This notebook performs market segmentation using K-means clustering, PCA, and autoencoder methods on sales data.
- Pandas
- Numpy
- Seaborn
- Matplotlib.pyplot
- Tensorflow.keras
- Sklearn.preprocessing
- Sklearn.cluster
- Sklearn.decomposition
- Sklearn.metrics
- Plotly.express
- Plotly.graph_objects
Data Source : Kaggle
The notebook performs simple data cleaning by dropping null columns and converting the ORDERDATE column to datetime format.
The notebook performs the following steps for Exploratory Data Analysis:
- Performing One Hot encoding to all categorical columns.
- Grouping data by order date to perform further analysis.
- Calculating Correlation Matrix.
- Plotting distplots.
- Visualizing the relationship between variables using pairplots.
The notebook performs market segmentation using the following steps:
- Fit K-means Clustering Model
- Scale the data.
- Find the optimal number of clusters using the elbow method.

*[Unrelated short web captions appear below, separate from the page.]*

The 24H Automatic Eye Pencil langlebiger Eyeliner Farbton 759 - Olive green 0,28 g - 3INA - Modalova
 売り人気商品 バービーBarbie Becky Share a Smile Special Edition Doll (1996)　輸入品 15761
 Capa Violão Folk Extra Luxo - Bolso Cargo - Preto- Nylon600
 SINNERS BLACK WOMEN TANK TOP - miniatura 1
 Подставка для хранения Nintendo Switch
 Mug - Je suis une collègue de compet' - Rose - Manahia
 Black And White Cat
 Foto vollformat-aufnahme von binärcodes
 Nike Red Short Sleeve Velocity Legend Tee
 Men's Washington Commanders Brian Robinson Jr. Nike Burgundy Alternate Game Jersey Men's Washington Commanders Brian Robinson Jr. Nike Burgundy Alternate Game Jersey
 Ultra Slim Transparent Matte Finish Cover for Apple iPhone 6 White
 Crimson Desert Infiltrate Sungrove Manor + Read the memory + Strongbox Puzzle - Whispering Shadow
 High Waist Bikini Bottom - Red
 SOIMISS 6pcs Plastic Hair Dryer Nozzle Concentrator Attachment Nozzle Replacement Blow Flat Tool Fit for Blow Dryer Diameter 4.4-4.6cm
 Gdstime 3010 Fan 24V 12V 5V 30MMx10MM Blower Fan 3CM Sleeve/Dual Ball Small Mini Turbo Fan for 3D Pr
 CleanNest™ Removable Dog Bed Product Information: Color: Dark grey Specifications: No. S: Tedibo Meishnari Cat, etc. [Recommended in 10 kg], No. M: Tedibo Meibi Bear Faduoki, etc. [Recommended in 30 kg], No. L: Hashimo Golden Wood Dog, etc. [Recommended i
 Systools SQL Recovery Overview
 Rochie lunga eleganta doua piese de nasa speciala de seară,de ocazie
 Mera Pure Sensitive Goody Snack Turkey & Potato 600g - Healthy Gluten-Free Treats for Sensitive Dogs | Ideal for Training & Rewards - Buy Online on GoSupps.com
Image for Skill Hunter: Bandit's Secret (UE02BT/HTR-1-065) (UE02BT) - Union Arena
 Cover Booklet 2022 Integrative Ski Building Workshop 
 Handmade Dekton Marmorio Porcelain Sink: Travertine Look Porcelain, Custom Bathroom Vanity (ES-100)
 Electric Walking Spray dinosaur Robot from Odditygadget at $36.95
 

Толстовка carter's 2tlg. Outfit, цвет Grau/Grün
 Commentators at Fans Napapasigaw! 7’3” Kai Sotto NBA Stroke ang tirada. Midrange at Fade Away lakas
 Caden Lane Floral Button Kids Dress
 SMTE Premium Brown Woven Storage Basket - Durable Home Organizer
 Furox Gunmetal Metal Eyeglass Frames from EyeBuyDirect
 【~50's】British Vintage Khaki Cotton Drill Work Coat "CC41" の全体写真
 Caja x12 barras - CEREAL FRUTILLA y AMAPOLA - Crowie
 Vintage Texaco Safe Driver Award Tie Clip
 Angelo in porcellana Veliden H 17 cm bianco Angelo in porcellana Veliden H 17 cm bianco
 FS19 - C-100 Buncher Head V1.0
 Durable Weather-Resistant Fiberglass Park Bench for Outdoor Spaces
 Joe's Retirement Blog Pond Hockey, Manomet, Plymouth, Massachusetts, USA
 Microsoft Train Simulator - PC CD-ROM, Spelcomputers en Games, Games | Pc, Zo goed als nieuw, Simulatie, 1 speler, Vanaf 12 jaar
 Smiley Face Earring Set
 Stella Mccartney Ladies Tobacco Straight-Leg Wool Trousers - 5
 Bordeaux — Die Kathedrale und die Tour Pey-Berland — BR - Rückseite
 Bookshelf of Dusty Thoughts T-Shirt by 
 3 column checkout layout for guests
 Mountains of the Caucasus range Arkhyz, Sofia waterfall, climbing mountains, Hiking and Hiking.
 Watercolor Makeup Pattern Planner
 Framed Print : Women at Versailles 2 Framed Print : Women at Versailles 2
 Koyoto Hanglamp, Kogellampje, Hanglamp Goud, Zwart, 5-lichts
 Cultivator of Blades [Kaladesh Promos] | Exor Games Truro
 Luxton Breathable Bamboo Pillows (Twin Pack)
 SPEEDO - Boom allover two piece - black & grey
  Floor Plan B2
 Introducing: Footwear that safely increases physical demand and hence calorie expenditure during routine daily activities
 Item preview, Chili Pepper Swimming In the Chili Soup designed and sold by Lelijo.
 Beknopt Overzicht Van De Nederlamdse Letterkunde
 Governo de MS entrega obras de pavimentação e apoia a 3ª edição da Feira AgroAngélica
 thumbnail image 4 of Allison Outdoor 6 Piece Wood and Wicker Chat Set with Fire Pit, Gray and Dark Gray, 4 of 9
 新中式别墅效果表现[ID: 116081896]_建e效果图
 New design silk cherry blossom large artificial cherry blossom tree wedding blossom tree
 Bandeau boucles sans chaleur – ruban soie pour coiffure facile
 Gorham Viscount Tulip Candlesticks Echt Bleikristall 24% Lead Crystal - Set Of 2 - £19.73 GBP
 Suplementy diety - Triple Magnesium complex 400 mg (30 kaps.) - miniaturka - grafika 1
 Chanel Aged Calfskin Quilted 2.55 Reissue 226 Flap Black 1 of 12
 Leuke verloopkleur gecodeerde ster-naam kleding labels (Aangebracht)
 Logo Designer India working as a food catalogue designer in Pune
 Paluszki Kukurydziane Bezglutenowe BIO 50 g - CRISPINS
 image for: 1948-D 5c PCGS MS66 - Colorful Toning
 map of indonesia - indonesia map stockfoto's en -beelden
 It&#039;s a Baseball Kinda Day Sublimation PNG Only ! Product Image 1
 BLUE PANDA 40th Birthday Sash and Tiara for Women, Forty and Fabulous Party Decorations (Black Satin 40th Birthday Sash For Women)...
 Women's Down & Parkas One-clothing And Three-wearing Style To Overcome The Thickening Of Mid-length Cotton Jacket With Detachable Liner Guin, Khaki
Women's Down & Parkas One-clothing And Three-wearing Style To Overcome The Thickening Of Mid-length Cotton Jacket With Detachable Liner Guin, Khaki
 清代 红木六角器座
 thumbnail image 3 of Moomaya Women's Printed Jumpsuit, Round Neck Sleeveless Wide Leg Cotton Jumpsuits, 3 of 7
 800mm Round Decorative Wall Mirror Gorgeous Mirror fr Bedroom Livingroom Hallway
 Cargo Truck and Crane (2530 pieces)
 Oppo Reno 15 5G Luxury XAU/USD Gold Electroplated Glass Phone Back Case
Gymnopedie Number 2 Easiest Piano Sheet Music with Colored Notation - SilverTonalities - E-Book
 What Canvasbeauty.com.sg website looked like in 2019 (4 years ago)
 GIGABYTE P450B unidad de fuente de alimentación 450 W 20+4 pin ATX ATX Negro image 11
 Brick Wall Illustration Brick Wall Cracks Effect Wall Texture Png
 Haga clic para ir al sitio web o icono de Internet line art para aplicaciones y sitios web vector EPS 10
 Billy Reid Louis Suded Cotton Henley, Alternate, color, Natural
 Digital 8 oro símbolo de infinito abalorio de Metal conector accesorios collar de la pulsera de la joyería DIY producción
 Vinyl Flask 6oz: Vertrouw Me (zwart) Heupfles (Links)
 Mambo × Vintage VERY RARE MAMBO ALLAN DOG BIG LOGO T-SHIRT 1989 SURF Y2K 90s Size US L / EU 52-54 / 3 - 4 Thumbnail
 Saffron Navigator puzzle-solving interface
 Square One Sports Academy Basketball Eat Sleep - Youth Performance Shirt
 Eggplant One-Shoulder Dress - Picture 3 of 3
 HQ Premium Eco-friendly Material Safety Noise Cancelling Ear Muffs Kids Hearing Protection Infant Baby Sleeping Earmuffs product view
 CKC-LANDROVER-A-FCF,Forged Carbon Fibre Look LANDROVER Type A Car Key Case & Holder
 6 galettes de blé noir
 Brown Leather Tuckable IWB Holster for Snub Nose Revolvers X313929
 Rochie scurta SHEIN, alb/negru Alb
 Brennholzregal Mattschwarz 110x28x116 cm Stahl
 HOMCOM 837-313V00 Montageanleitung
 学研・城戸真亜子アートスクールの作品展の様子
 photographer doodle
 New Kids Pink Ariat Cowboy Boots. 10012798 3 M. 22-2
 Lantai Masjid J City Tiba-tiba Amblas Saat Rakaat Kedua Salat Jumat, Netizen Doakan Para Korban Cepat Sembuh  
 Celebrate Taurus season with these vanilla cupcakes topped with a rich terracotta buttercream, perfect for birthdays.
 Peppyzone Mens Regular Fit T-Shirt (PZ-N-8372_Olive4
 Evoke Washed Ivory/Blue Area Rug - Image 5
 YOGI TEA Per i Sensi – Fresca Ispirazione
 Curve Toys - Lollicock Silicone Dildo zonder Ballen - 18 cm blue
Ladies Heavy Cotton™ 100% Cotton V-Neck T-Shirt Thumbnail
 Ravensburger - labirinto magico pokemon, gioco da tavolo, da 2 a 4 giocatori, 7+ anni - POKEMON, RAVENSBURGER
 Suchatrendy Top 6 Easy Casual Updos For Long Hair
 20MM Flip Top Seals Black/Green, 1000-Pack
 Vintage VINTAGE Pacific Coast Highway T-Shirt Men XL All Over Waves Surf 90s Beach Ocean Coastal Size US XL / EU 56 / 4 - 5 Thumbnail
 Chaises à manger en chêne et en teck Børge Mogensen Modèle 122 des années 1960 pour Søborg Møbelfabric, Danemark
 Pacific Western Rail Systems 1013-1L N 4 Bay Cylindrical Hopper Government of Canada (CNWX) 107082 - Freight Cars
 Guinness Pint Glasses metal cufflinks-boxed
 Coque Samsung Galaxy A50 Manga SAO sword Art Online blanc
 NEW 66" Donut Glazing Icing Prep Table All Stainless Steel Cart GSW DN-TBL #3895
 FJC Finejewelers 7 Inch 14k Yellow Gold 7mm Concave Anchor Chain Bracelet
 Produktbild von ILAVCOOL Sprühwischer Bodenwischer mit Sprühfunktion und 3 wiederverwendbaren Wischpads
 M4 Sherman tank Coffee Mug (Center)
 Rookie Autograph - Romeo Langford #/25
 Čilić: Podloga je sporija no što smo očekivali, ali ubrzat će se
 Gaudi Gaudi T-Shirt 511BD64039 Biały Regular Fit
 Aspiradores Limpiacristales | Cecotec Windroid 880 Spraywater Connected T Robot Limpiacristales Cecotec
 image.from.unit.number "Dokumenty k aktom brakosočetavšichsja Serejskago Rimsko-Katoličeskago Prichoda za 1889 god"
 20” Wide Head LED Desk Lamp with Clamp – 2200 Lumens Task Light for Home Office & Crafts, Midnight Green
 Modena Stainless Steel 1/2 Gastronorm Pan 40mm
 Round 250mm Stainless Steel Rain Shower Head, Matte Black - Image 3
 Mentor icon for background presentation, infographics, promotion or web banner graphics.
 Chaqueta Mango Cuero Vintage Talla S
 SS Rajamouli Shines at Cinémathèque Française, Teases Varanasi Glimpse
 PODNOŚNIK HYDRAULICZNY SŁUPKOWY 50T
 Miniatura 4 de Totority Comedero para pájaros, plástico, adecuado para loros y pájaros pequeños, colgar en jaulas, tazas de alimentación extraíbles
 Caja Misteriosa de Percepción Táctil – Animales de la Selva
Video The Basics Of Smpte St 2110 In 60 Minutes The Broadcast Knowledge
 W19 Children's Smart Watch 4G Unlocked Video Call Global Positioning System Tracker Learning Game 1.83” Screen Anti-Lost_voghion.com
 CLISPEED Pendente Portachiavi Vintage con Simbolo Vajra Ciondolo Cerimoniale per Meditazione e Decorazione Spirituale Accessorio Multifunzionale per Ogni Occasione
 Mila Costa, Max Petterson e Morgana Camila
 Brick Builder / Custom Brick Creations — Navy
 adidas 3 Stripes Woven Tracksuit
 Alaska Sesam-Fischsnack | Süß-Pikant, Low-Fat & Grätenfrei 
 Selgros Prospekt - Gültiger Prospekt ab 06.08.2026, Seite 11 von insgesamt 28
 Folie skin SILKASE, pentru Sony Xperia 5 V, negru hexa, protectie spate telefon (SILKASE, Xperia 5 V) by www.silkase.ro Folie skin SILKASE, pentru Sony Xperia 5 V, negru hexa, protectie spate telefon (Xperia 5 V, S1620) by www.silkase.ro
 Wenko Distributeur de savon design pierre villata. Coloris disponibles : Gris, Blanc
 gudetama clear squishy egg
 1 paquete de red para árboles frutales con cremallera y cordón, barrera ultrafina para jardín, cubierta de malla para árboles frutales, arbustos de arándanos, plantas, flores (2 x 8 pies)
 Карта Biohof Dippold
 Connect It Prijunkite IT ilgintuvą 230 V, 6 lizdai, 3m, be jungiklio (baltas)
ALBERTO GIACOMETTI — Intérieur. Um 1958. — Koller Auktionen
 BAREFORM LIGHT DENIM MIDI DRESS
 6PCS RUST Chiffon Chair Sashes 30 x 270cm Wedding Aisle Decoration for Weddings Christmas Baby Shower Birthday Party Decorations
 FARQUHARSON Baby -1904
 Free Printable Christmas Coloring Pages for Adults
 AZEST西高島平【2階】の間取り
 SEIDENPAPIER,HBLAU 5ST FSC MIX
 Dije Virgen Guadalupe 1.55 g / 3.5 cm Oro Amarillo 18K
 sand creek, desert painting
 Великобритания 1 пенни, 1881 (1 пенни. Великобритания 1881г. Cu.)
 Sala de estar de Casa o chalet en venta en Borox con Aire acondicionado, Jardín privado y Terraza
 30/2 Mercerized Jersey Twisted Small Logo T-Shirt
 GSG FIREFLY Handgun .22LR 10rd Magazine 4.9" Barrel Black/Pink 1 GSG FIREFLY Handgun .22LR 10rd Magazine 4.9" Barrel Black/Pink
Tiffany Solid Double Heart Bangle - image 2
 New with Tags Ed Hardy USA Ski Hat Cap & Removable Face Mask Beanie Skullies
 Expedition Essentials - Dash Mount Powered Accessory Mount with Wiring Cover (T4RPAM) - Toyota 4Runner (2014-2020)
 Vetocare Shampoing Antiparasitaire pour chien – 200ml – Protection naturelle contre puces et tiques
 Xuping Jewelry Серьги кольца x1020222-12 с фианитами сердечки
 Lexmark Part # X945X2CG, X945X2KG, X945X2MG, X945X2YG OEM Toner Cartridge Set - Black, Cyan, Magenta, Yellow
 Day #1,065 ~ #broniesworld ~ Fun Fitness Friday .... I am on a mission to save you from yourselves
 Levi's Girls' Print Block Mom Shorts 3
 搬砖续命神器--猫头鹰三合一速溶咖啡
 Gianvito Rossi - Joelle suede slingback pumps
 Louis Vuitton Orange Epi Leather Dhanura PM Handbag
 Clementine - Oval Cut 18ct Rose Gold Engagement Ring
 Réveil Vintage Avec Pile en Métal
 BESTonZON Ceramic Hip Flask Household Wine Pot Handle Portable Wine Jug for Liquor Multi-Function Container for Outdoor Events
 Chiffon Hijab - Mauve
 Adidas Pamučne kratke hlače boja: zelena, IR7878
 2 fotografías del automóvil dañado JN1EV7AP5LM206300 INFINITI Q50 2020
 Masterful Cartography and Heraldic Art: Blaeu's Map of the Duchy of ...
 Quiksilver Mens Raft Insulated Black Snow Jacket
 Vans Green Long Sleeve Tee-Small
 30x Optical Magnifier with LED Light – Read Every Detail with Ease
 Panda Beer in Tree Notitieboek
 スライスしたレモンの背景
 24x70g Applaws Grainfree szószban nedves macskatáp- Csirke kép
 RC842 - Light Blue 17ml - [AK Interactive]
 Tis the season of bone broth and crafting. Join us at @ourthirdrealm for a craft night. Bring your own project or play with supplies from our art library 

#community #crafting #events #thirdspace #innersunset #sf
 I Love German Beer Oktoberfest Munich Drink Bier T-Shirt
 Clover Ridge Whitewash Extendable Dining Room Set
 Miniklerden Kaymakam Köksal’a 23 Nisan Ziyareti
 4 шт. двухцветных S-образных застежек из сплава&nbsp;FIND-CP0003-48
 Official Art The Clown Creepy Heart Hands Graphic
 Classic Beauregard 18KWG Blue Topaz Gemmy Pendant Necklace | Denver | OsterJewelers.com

- Fit the K-means clustering model using the optimal number clusters (k).
- Apply Principle Component Analysis
- Visualize the results.
- Perform Dimensionality Reduction using the Autoencoder
- Create an autoencoder model using Keras API.
- Fit and train the autoencoder model.
- Use the bottleneck layer (after down-scaling layers and before up-scaling layers) to encode the sales dataframe.
- Use the elbow method to find the optimal number of clusters.
- Fit the encoded sales dataframe using K-means clustering model with the optimal number of clusters.
- Apply Principle Component Analysis and visualize the results.